Brain-teasing problem of creating a long chain using binary relationship data

James Park

Join Date: May 2017

Posts: 97
#1

Brain-teasing problem of creating a long chain using binary relationship data

06 Nov 2023, 09:56

I have this data on the start and end month of Giver-Receiver relationship.

Giver Receiver Start End
A B 201807 201808
A B 202001 202003
B C 201902 201903
B D 202002 202004

I want to create a file on the duration of longer "chain" relationships.

The chain from A to B to D has an overlapped time from 202003 to 202112.

But chain from A to B to C does not have any overlapped time, so it won't create any line in the output.

The desired output file is either

ID1 ID2 ID3 Start End
A B D 202002 202003

or

ID1 ID2 ID3 Month
A B D 202002
A B D 202003

Either one form is fine. Both are hard.

I actually want to create any 4-firm or 5-firm or any length of longer chains, but creating 3-firm chain is already hard enough, so I would like begin with creating 3-firm chain.

This seems to be a hard problem on Stata or on any language.

One idea I tried to pursue was to create a data like this (I don't know how to):

Giver Receiver Month
A B 201807
A B 201808
A B 202001
A B 202002
A B 202003
B C 201902
B C 201903
B D 202002
B D 202003
B D 202004

and from this I construct my goal, but again I can't figure out how to do this, either. Just an idea.

What command or trick will likely to help me?

Code:

gen Giver="" gen Receiver="" gen Start="" gen End="" set obs 4 replace Giver="A" if _n==1 | _n==2 replace Receiver="B" if _n==1 | _n==2 replace Giver="A" if _n==3 | _n==4 replace Receiver="C" if _n==3 replace Receiver="D" if _n==4 replace Start="201807" if _n==1 replace Start="202001" if _n==2 replace Start="201902" if _n==3 replace Start="202002" if _n==4 replace End="201808" if _n==1 replace End="202003" if _n==2 replace End="201903" if _n==3 replace End="202004" if _n==4
Tags: data cleaning, data restructuring
Clyde Schechter

Join Date: Apr 2014

Posts: 30147
#2

06 Nov 2023, 11:13

Well, at least for the length 3 chains it isn't really very hard.

First, although the code would actually work without doing this, it is better when working with dates in Stata to use real Stata internal format date variables, not numbers that read as dates to the human eye but would potentially be mishandled by Stata in calculations. (In this case, these non-Stata-ish date variables sort correctly, so this particular code, which depends only on the order of the dates, would work anyway.)

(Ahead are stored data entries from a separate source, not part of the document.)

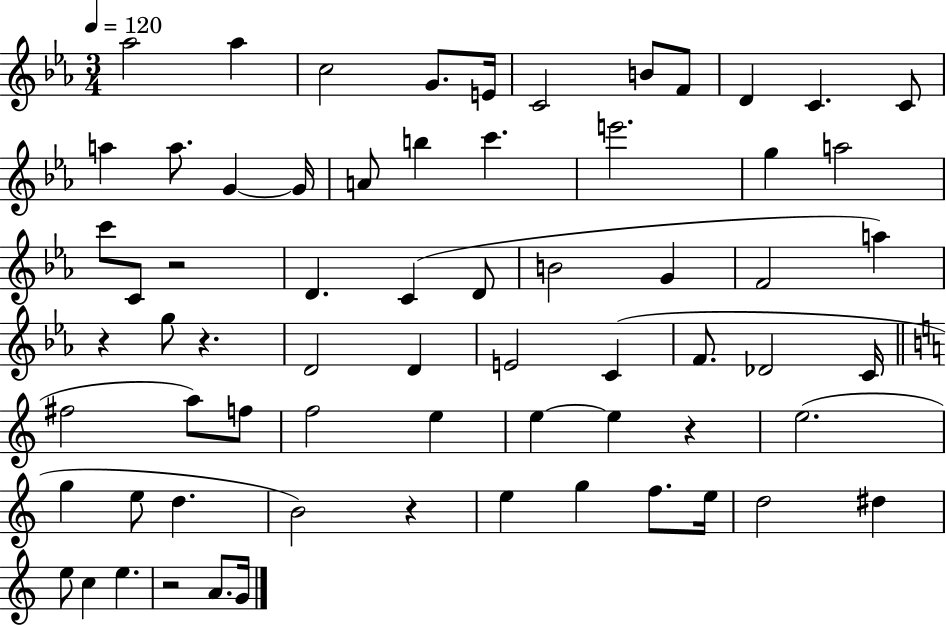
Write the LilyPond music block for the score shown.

{
  \clef treble
  \numericTimeSignature
  \time 3/4
  \key ees \major
  \tempo 4 = 120
  \repeat volta 2 { aes''2 aes''4 | c''2 g'8. e'16 | c'2 b'8 f'8 | d'4 c'4. c'8 | \break a''4 a''8. g'4~~ g'16 | a'8 b''4 c'''4. | e'''2. | g''4 a''2 | \break c'''8 c'8 r2 | d'4. c'4( d'8 | b'2 g'4 | f'2 a''4) | \break r4 g''8 r4. | d'2 d'4 | e'2 c'4( | f'8. des'2 c'16 | \break \bar "||" \break \key c \major fis''2 a''8) f''8 | f''2 e''4 | e''4~~ e''4 r4 | e''2.( | \break g''4 e''8 d''4. | b'2) r4 | e''4 g''4 f''8. e''16 | d''2 dis''4 | \break e''8 c''4 e''4. | r2 a'8. g'16 | } \bar "|."
} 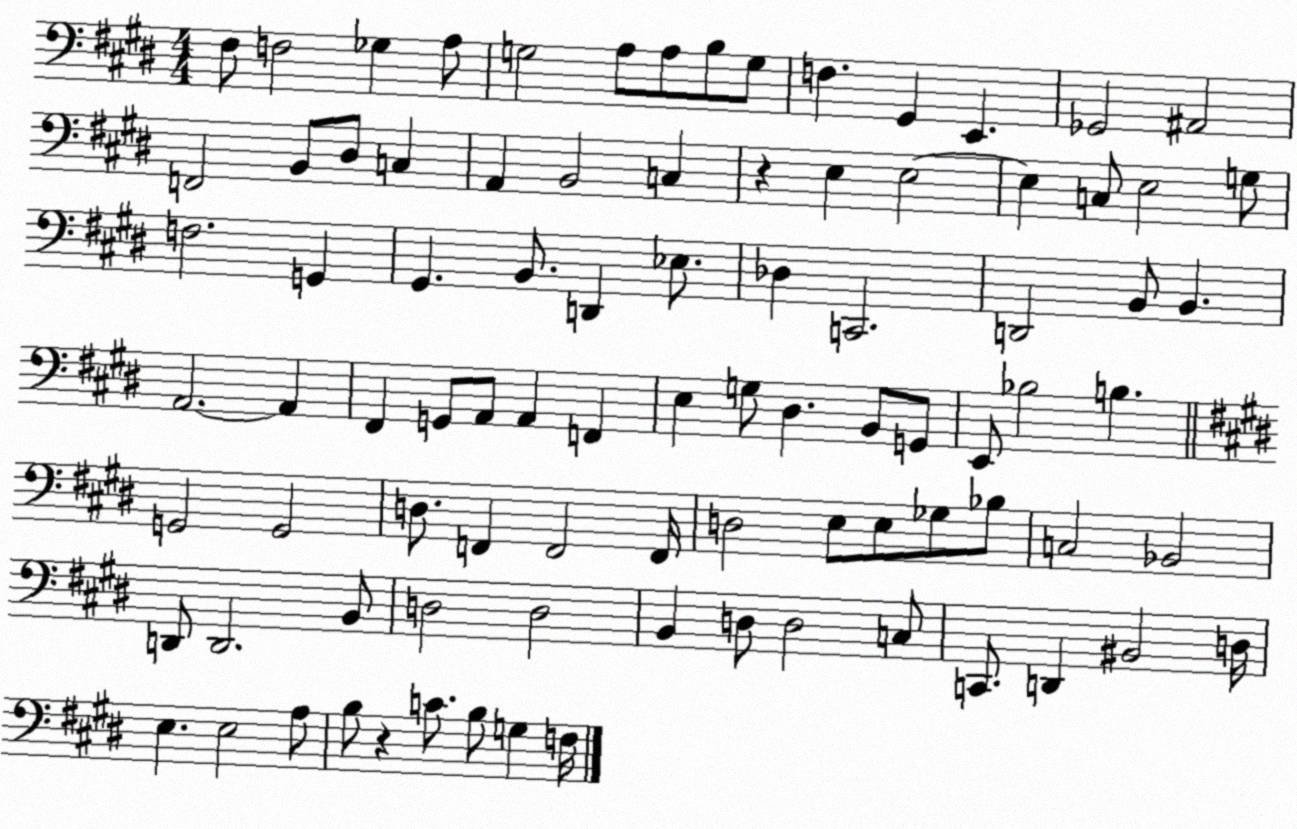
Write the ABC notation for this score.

X:1
T:Untitled
M:4/4
L:1/4
K:E
^F,/2 F,2 _G, A,/2 G,2 A,/2 A,/2 B,/2 G,/2 F, ^G,, E,, _G,,2 ^A,,2 F,,2 B,,/2 ^D,/2 C, A,, B,,2 C, z E, E,2 E, C,/2 E,2 G,/2 F,2 G,, ^G,, B,,/2 D,, _E,/2 _D, C,,2 D,,2 B,,/2 B,, A,,2 A,, ^F,, G,,/2 A,,/2 A,, F,, E, G,/2 ^D, B,,/2 G,,/2 E,,/2 _B,2 B, G,,2 G,,2 D,/2 F,, F,,2 F,,/4 D,2 E,/2 E,/2 _G,/2 _B,/2 C,2 _B,,2 D,,/2 D,,2 B,,/2 D,2 D,2 B,, D,/2 D,2 C,/2 C,,/2 D,, ^B,,2 D,/4 E, E,2 A,/2 B,/2 z C/2 B,/2 G, F,/4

Note: "The chain from A to B to D has an overlapped time from 202003 to 202112" is not correct, and contradicts the correct results you later say you desire:

ID1 ID2 ID3 Start End
A B D 202002 202003

Code:

* Example generated by -dataex-. For more info, type help dataex clear input str1(giver receiver) long(start end) "A" "B" 201807 201808 "A" "B" 202001 202003 "B" "C" 201902 201903 "B" "D" 202002 202004 end // CONVERT START AND END DATES TO STATA INTERNAL FORMAT MONTHLY DATES foreach v of varlist start end { gen _`v' = ym(floor(`v'/100), mod(`v', 100)) assert missing(`v') == missing(_`v') format _`v' %tm drop `v' rename _`v' `v' } // PAIR EACH OBSERVATION WITH A POTENTIAL FOLLOW-ON IN THE CHAIN: // I.E. RECEIVER1 = GIVER2 preserve rename receiver receiver2 rename giver receiver rename (start end) =2 tempfile to_join save `to_join' restore joinby receiver using `to_join' rename (start end) =1 // NOW RESTRICT TO THOSE WHERE THE PERIODS IN QUESTION OVERLAP keep if max(start1, start2) < min(end1, end2) gen start = max(start1, start2) gen end = min(end1, end2) format start end %tm drop start1 start2 end1 end2

In the future, when showing data examples, please use the -dataex- command to do so, as I have done here. If you are running version 18, 17, 16 or a fully updated version 15.1 or 14.2, -dataex- is already part of your official Stata installation. If not, run -ssc install dataex- to get it. Either way, run -help dataex- to read the simple instructions for using it. -dataex- will save you time; it is easier and quicker than typing out tables. It includes complete information about aspects of the data that are often critical to answering your question but cannot be seen from tabular displays or screenshots. It also makes it possible for those who want to help you to create a faithful representation of your example to try out their code, which in turn makes it more likely that their answer will actually work in your data.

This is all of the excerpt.